Potensi penipuan di balik investasi FOMO ala kripto

Investasi aset kripto makin terkerek gara-gara FOMO. Tanpa literasi, para investor bisa terjebak menjadi korban penipuan.

Ilustrasi Alinea.id/Debbie Alyuwandira.

Sudah jatuh tertimpa tangga. Itulah yang dirasakan Tong Zou, seorang Chinese Canadian yang tinggal di San Fransisco, Amerika Serikat. Setelah sepuluh tahun bekerja sebagai software engineer, Zou memutuskan berhenti dan ingin berkeliling dunia.

Kala itu, ia terpengaruh kisah sukses teman-temannya yang kaya mendadak karena Bitcoin. Bayangkan saja, cryptocurrency pertama di dunia ini pada 17 Juli 2010, harganya hanya US$0,09 namun kemudian melejit hingga menyentuh US$18.000 pada 2017.

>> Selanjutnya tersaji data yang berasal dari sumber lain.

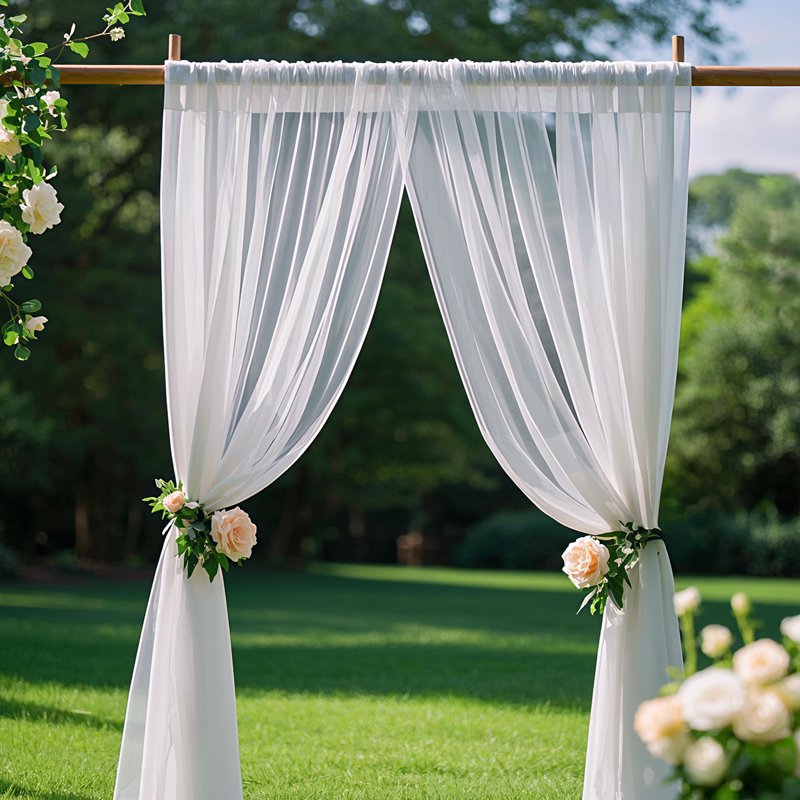 White Sheer Curtain Valance 216 Inches Long - Extra Wide Drapes for Wedding Backdrop & Home Decor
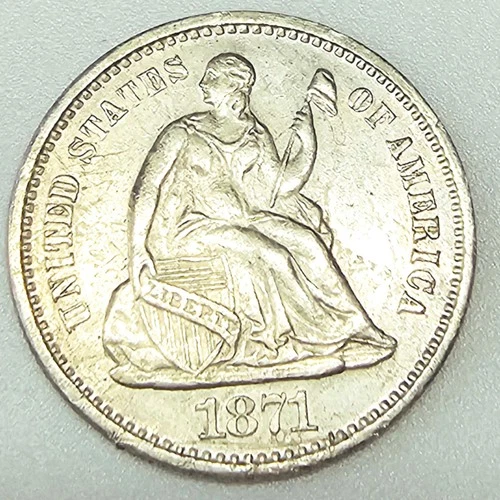 1871 S Seated Liberty Half Dime   90% Silver US Coin AU Condition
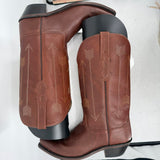 women Old West Like New 12in Leather Cowboy Boots Brown Shoes 9.5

Ia pun mengambil tiga pinjaman dengan totalnya mencapai US$85 ribu untuk membeli Bitcoin demi menambang uang lebih banyak. “Tapi akhir Desember 2018, Bitcoin jatuh hingga US$4.000, aku merugi 70-80% karena kejatuhan Bitcoin,” sebutnya dalam film dokumenter ‘Truts No One: The Hunt for the Crypto King’ yang ditayangkan di Netflix tahun 2022.

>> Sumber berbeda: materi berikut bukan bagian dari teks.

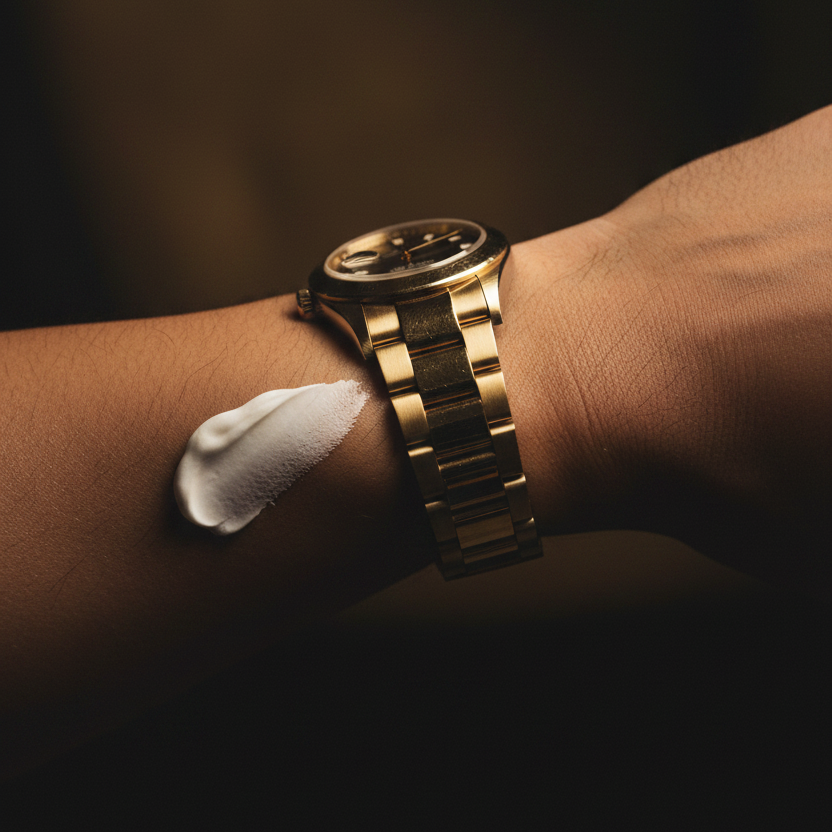 Gold watch on a wrist with a dark background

Film ini mengangkat kisah Zou dan beberapa investor Bitcoin lainnya yang menjadi korban sebuah platform jual beli Bitcoin terbesar di Kanada, Quadriga CX. Zou yang kebingungan kemudian menjual propertinya dan mendapatkan uang senilai US$400.000.

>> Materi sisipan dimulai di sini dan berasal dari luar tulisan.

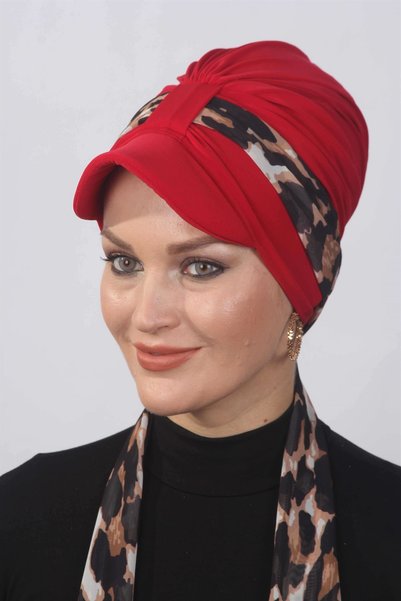 Moda Çizgi Leopard Scarf Hat Bonnet Red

Ia berkeinginan memindahkan dananya itu ke Kanada tanpa melalui sistem perbankan karena akan dikenakan biaya administrasi cukup besar yakni 2%. Kemudian tercetuslah ide untuk menempatkan dananya di Quadriga CX dengan membeli Bitcoin. Niatnya, Bitcoin itu ingin segera ia cairkan dan disimpan di Kanada.